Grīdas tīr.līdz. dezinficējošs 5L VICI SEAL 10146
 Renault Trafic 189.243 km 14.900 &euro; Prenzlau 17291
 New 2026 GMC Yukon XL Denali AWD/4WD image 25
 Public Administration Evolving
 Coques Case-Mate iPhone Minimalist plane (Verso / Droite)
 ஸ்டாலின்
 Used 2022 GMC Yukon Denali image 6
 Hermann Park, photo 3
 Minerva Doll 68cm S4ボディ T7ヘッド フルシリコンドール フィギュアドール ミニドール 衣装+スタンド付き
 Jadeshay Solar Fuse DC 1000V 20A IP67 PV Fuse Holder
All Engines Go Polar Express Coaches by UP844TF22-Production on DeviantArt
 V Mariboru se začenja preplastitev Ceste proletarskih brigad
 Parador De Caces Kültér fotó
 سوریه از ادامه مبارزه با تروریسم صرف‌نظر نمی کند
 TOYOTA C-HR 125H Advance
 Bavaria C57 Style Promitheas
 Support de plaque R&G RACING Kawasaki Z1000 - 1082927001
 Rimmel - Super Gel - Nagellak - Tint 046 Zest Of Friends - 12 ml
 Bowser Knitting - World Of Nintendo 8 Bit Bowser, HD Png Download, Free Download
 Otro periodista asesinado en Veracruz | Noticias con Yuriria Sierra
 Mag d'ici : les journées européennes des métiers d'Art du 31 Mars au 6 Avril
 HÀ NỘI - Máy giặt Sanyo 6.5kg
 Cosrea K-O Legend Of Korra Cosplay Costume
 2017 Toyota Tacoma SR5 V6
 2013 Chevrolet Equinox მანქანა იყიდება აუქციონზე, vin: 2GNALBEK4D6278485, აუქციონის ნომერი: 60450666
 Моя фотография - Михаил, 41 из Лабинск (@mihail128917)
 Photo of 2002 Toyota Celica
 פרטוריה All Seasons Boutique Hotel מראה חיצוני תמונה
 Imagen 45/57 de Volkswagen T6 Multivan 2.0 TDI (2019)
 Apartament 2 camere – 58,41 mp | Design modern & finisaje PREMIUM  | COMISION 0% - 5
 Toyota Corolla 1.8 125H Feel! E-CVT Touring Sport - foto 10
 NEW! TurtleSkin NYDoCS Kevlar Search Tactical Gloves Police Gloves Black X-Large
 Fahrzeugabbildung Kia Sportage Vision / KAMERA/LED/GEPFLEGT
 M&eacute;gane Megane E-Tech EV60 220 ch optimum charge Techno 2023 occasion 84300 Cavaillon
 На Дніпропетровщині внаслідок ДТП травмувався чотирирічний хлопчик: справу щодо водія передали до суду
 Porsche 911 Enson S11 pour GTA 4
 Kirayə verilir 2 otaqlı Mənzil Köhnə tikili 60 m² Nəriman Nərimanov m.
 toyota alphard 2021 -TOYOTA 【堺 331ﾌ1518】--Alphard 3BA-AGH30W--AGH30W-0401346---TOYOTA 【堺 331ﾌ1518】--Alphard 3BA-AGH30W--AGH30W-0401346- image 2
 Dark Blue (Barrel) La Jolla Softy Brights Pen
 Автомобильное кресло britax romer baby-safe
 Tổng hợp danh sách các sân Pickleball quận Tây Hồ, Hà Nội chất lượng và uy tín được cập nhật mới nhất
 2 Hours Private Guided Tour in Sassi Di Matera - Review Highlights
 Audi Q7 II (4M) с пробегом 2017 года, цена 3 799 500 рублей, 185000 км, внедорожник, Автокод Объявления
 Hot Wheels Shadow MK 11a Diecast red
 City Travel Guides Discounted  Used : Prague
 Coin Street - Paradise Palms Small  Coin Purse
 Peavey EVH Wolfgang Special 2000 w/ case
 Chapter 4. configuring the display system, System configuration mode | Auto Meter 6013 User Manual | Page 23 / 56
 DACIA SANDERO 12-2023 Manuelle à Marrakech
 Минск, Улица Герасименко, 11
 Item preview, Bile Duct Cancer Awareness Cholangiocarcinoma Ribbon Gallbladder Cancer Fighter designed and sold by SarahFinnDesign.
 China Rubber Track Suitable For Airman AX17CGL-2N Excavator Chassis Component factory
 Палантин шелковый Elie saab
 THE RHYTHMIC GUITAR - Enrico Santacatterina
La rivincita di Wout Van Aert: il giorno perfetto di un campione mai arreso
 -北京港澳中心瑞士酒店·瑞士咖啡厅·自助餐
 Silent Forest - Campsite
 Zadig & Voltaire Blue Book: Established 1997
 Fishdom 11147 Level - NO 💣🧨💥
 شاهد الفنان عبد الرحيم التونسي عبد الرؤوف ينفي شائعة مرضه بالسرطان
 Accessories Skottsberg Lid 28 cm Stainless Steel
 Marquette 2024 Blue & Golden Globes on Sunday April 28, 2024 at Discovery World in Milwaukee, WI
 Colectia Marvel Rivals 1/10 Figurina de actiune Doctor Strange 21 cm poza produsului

################

--- ACTIVITY ---
In the records above, collect each line with "Denali".

--- SOLUTION TO THE PROBLEM ---
 New 2026 GMC Yukon XL Denali AWD/4WD image 25
 Used 2022 GMC Yukon Denali image 6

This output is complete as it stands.